Die Lage der Industrie

Wir haben die Möglichkeit verschenkt, vom Fortschritt zu profitieren

Die Energiepolitik der Regierung von Olaf Scholz ist ambitioniert und konzentriert sich weitgehend auf die erneuerbaren Energien. Das wird fatale Folgen haben, ist sich der Wissenschaftler und frühere Hamburger Umweltsenator Professor Dr. Fritz Vahrenholt sicher. Er fordert Technologieoffenheit – auch hinsichtlich der Atomkraft.

Prof. Dr. Fritz Vahrenholt ...

... promovierter Chemiker, ist ein deutscher Politiker (SPD), Manager, Wissenschaftler und Buchautor. Er begann seine Karriere 1976 im Umweltbundesamt und wechselte dann ins hessische Umweltministerium, bevor er 1984 Staatsrat bei der Umweltbehörde in Hamburg wurde.

Danach war Vahrenholt Chef der Hamburger Senatskanzlei und nahm als Vertreter Hamburgs an den Verhandlungen zur Deutschen Einheit teil. Von 1991 bis 1997 war er als Umweltsenator tätig. Anschließend ging Vahrenholt als Vorstand für Erneuerbare Energien zur Deutschen Shell AG. 2001 gründete er den Windenergie-Anlagenbauer REpower Systems und wurde dort Vorstandschef. Von 2008 bis Mitte 2012 leitete er die neu gegründete Konzern – Gesellschaft für Erneuerbare Energien der RWE AG, Innogy GmbH.

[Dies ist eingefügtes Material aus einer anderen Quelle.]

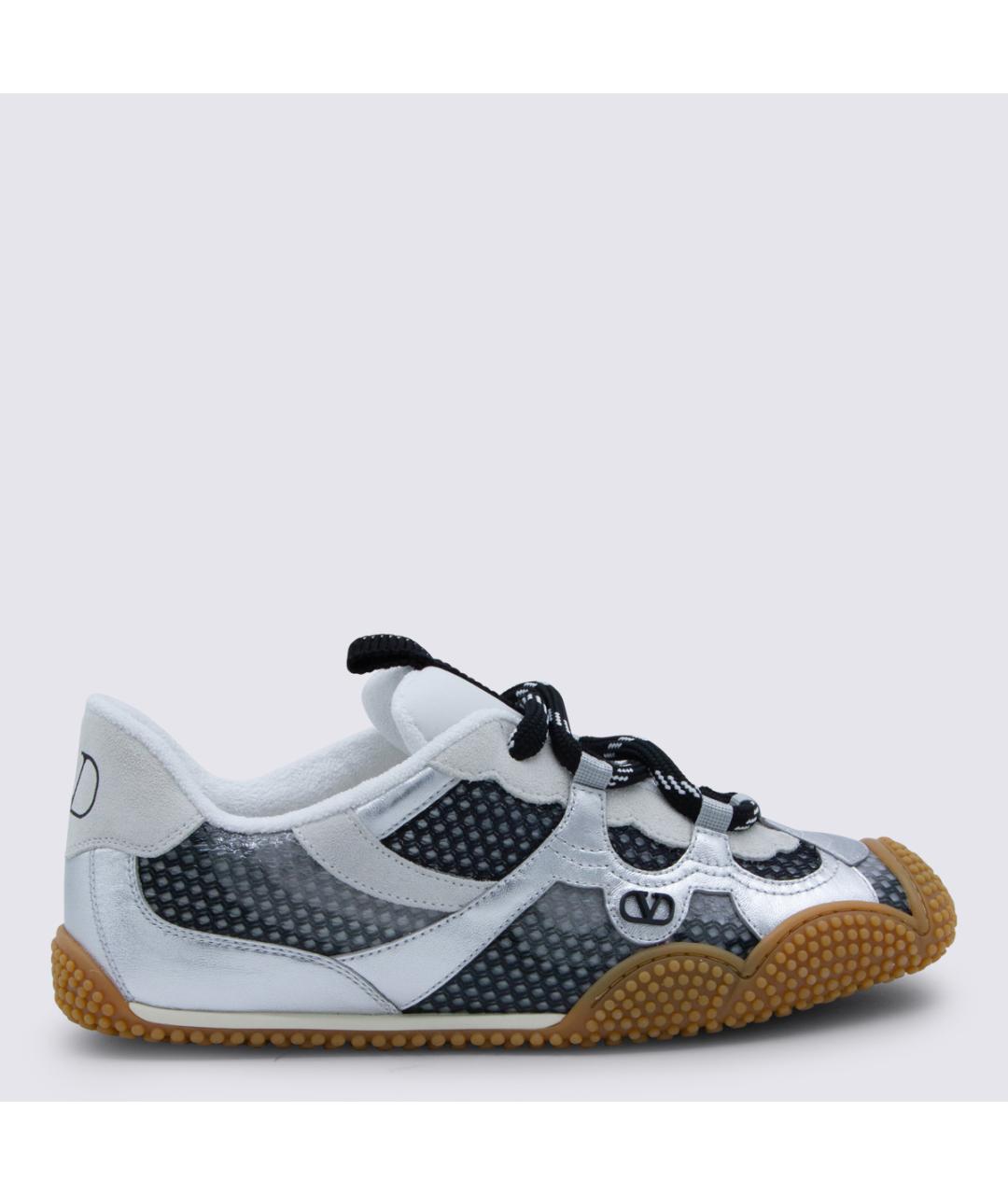 VALENTINO Серые кожаные кроссовки, фото 5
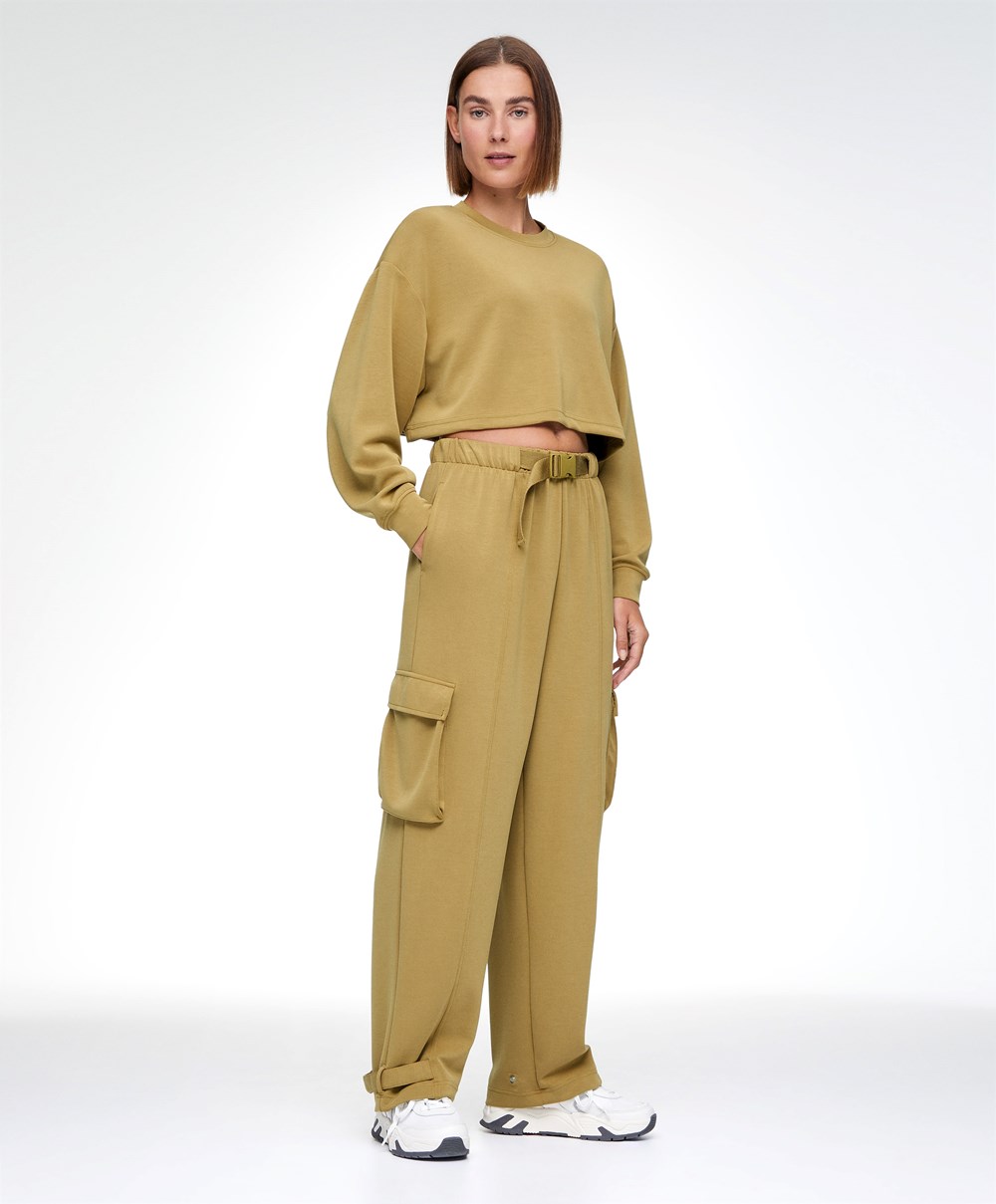 Oysho Modal Cargo Trousers Olivazöld | CTXHQP-492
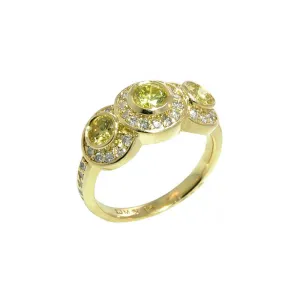 YELLOW DIAMOND 3 STONES RING 14K GOLD (1.76 CTW)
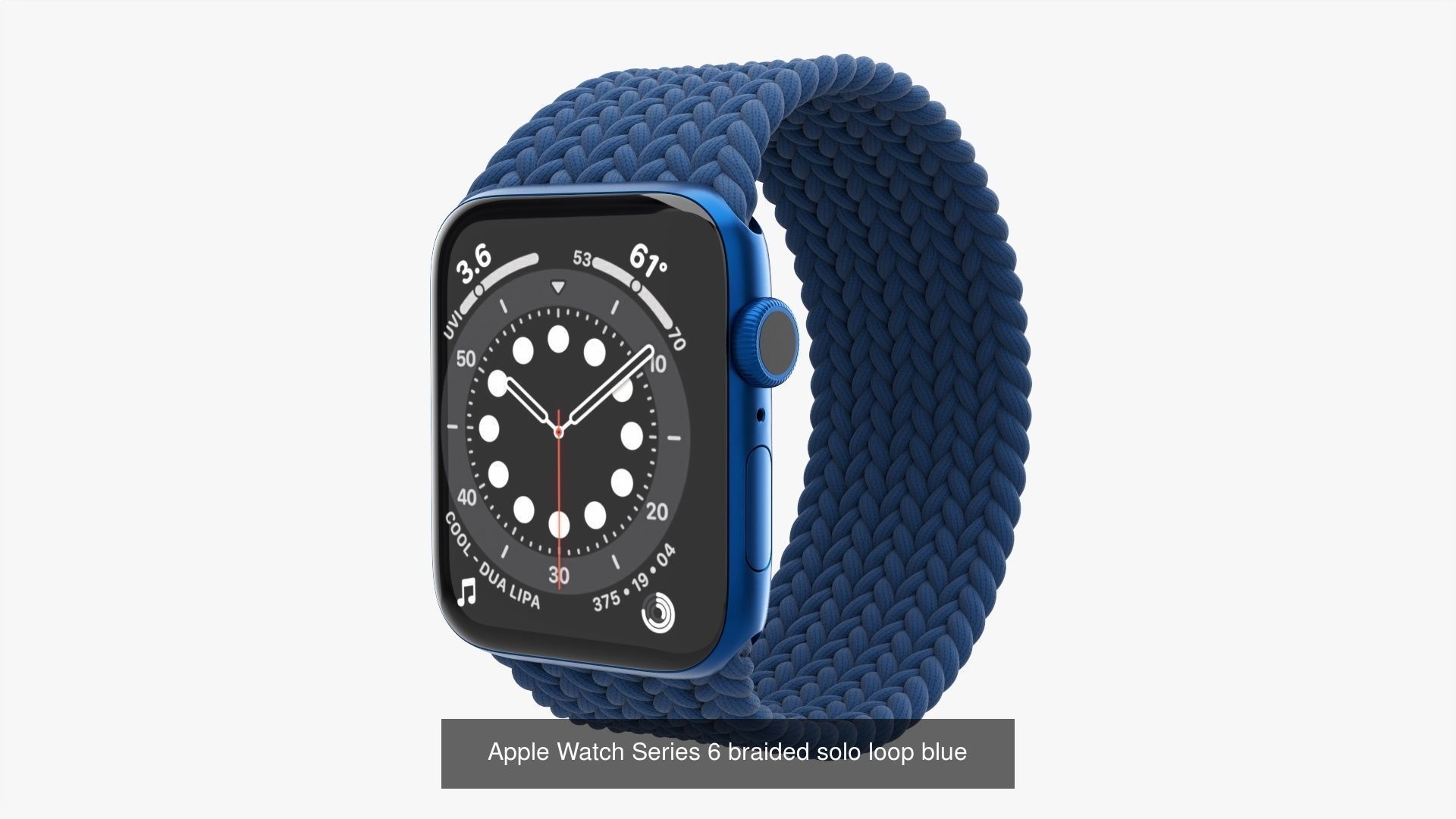 Apple Watch Series 6 braided silicone solo loop blue 3D Model Collection_3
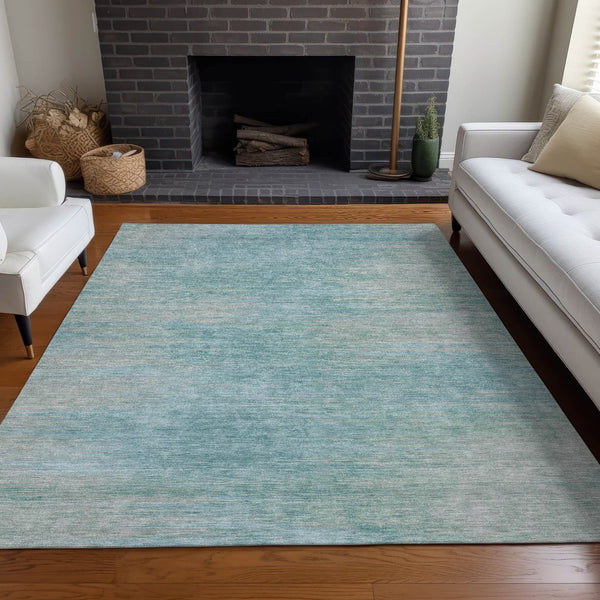 HomeRoots 9' X 12' Aqua and Gray Abstract Area Rug - Stain Resistant, UV Protected, Durable for High-Traffic Areas 665554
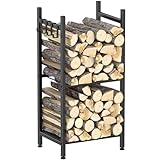 Kaminholzregal Metall für innen, Brennholzregal Feuerholzregal mit 4 Haken für Kamin & Ofen, Kaminholzständer mit 2 Ablagen, Kaminholzlager Innen & Außen, 40 x 30 x 80 cm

Von 2012 bis 2019 war er Alleinvorstand der Deutschen Wildtier Stiftung. Seit 1999 ist er Honorarprofessor im Fachbereich Chemie der Universität Hamburg. Er ist des weiteren Mitglied der deutschen Akademie der Technikwissenschaften Acatech.

Herr Professor Vahrenholt, der Krieg in der Ukraine und die Sanktionen gegen Russland haben zu einem Paradigmenwechsel geführt, schon zum nächsten Winter will Deutschland nicht mehr den Großteil seines Gases aus Russland beziehen. Was bedeutet das für unsere Energieversorgung?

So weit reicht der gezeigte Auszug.